In this study, we have identified cytoskeletal condensation in IECs as a mechanism for the rapid disruption of the gut epithelial barrier during ECMO. Phosphorylation of the MLC and consequent cytoskeletal contraction are emerging as a common, central event in the disruption of the epithelial barrier in diverse conditions such as inflammatory bowel disease, graft versus host disease, and infectious enterocolitis (7,19). In epithelial cells, tight junctions are affiliated with an apical perijunctional actin belt, which may contract to generate mechanical forces strong enough to retract the plasma membrane and cause internalization of various components of the apical junctional complex into subapical cytosolic compartments (30,31).
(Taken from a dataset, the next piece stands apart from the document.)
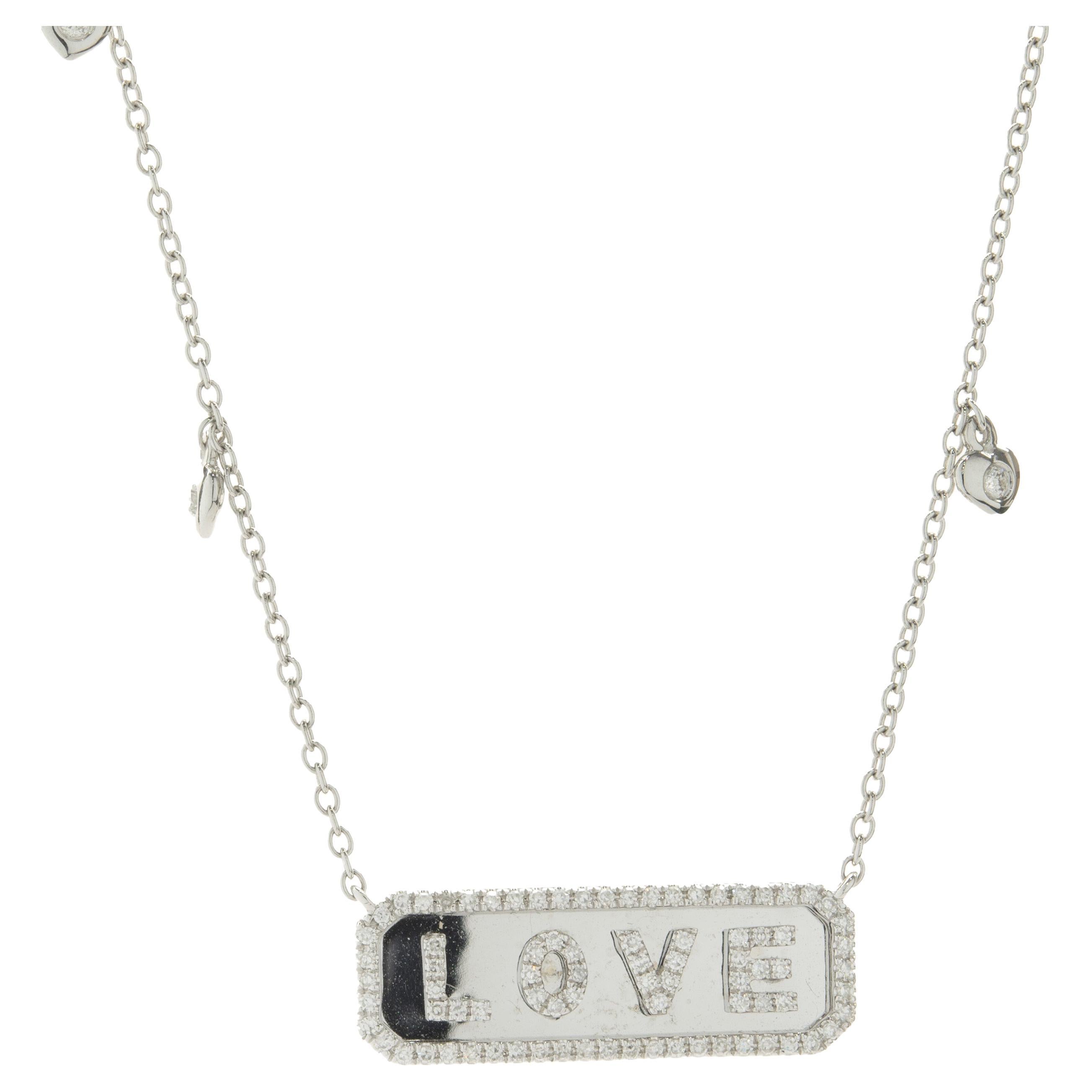 14 Karat White Gold Diamond Bar Necklace For Sale at 1stDibs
Although inflammatory mediators such as TNF are the likely cause of MLC phosphorylation and cytoskeletal contraction in IECs during ECMO, additional procedure-related factors such as exposure to citrate in the anticoagulant solutions in banked blood also need careful evaluation. Citrate can deplete extracellular calcium (32), which, in turn, can trigger cytoskeletal condensation and disassembly of tight junctions (3335). Anticoagulant solutions assume great importance in neonates and young infants receiving ECMO because volumes of the ECMO circuit are often 200–300% larger than a neonate's circulating blood volume, resulting in massive exposures to these reagents per unit weight (3,4). Although most anticoagulants can be eliminated to a large extent by saline prewashing of the red blood cells (RBC), the procedure may increase RBC osmotic fragility and hemolysis in centrifugal pumps (36). Rigorous clinical studies are needed to compare the effects of various anticoagulant solutions on ECMO-related SIRS.

This study provides us with two important conclusions that might have been difficult to draw in clinical studies: (1) by subjecting previously healthy piglets to ECMO, we established ECMO as an independent cause of gut barrier dysfunction. In clinical studies, the relative contribution of ECMO to barrier dysfunction cannot be dissected from that of the underlying disease that led to ECMO in the first place; bacterial translocation is common during hypoxemic respiratory failure, congestive cardiac failure, intractable sepsis, and shock, conditions that form the commonest indications for ECMO (1,26); (2) development of gut barrier dysfunction and bacterial translocation early during the course of ECMO suggests that barrier dysfunction is more likely to be a primary initiator/amplifier of ECMO-related SIRS and not merely an epiphenomenon reflecting loss of mucosal integrity as a part of ECMO-related multisystem dysfunction. Unlike most intestinal/systemic conditions associated with gut barrier dysfunction, ECMO is uniquely placed for intervention because a finite temporal window is frequently available to the clinician to initiate preventive measures even as the procedure is being started.

ECMO-related SIRS cannot be prevented merely by improvements in the ECMO circuit. The physical characteristics of the ECMO circuit such as fluid dynamics, blood volume to surface area ratio, and the material's affinity for fibrinogen determine its propensity for contact activation of inflammatory pathways (37). Although smoother circuits can be designed, the structure of the membrane oxygenator calls for conflicting profiles—the necessity for the gas exchange obligates thin blood films and turbulence, factors that also favor contact activation. Thus, even though improved silicone oxygenators have shown modest benefit in reducing platelet and contact activation, these improvements face a mathematical bottleneck where reduction in turbulence and blood surface interaction compete with the gas exchange capacity of the oxygenator (38). In this context, elucidation of the inflammatory pathways involved in ECMO-related SIRS is a critical step in the development of effective anti-inflammatory therapies. As potent inhibitors of MLC kinase are now available (39), the identification of MLC phosphorylation as a likely mechanism of gut barrier dysfunction during ECMO indicates a need for further investigation of this pathway in preclinical and clinical settings.